**Source data**

———

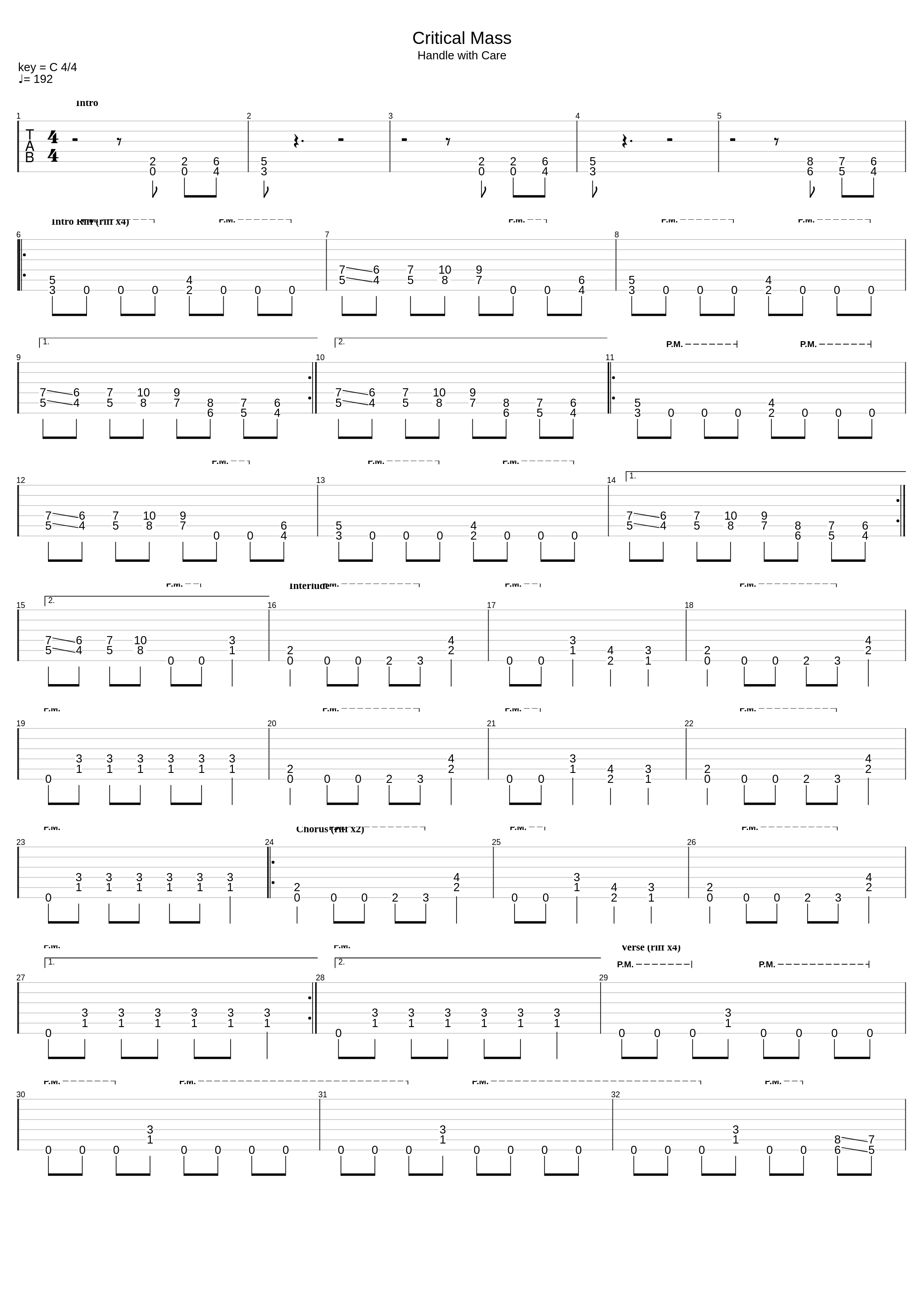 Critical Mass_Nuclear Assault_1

———

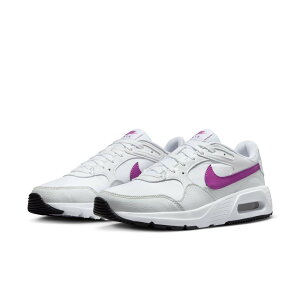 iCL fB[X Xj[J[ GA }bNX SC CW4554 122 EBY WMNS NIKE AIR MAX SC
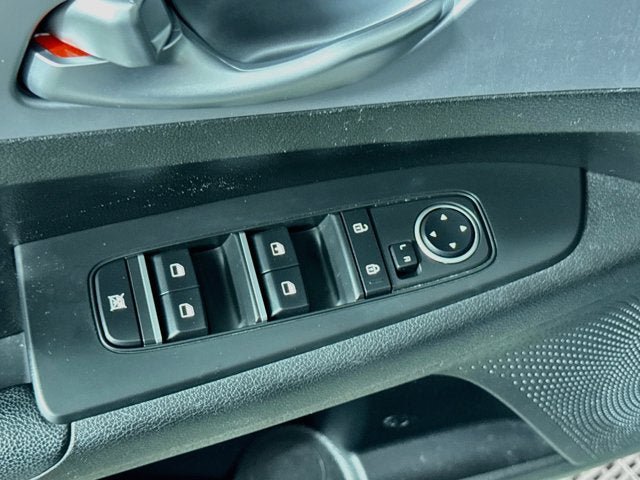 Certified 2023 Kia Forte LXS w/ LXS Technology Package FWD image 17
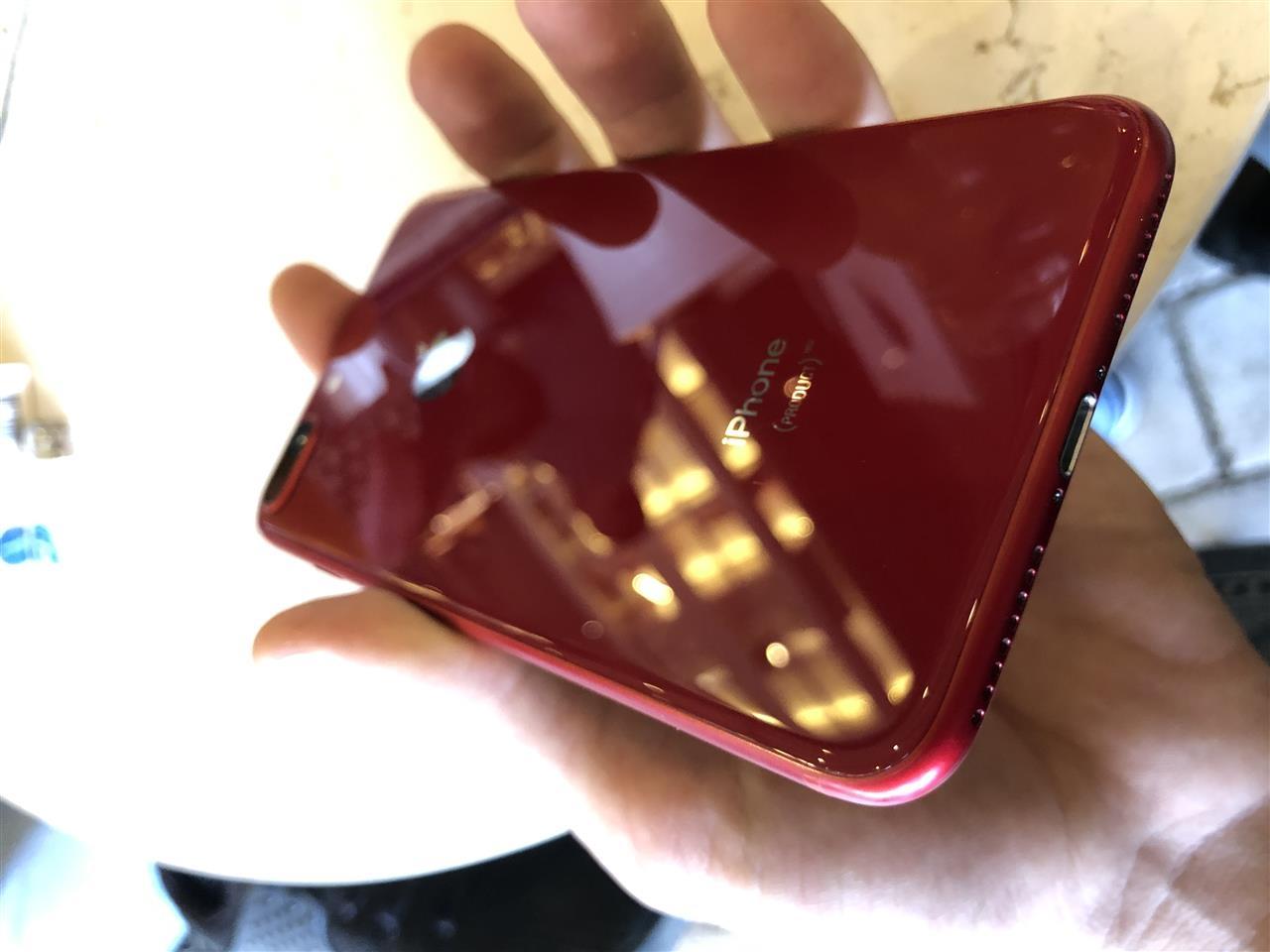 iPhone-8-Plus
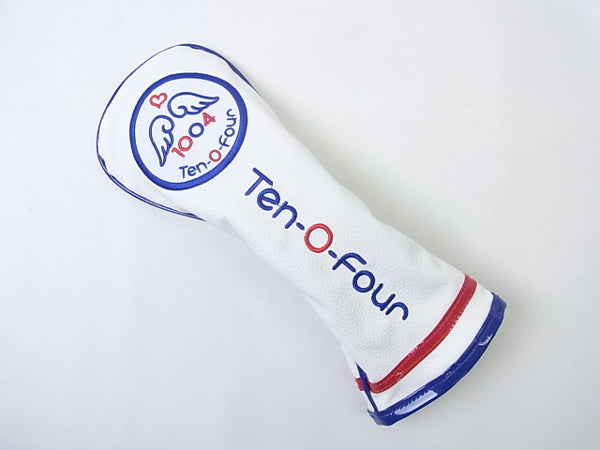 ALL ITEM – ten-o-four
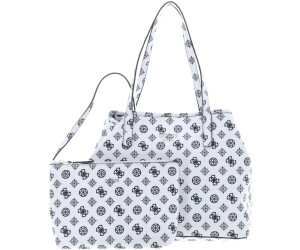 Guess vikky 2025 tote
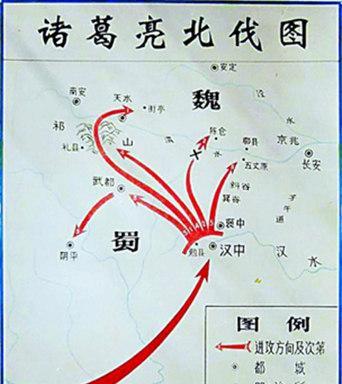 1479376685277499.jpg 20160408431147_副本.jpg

———

**About this exercise**
For the material above, give again only the lines starting at the line that contains "Certified 2023 Kia" and ending at the line that contains "14793766852774". Pictures do not belong in the copy.

**Exercise result**
 Certified 2023 Kia Forte LXS w/ LXS Technology Package FWD image 17
 iPhone-8-Plus
 ALL ITEM – ten-o-four
 Guess vikky 2025 tote
 1479376685277499.jpg 20160408431147_副本.jpg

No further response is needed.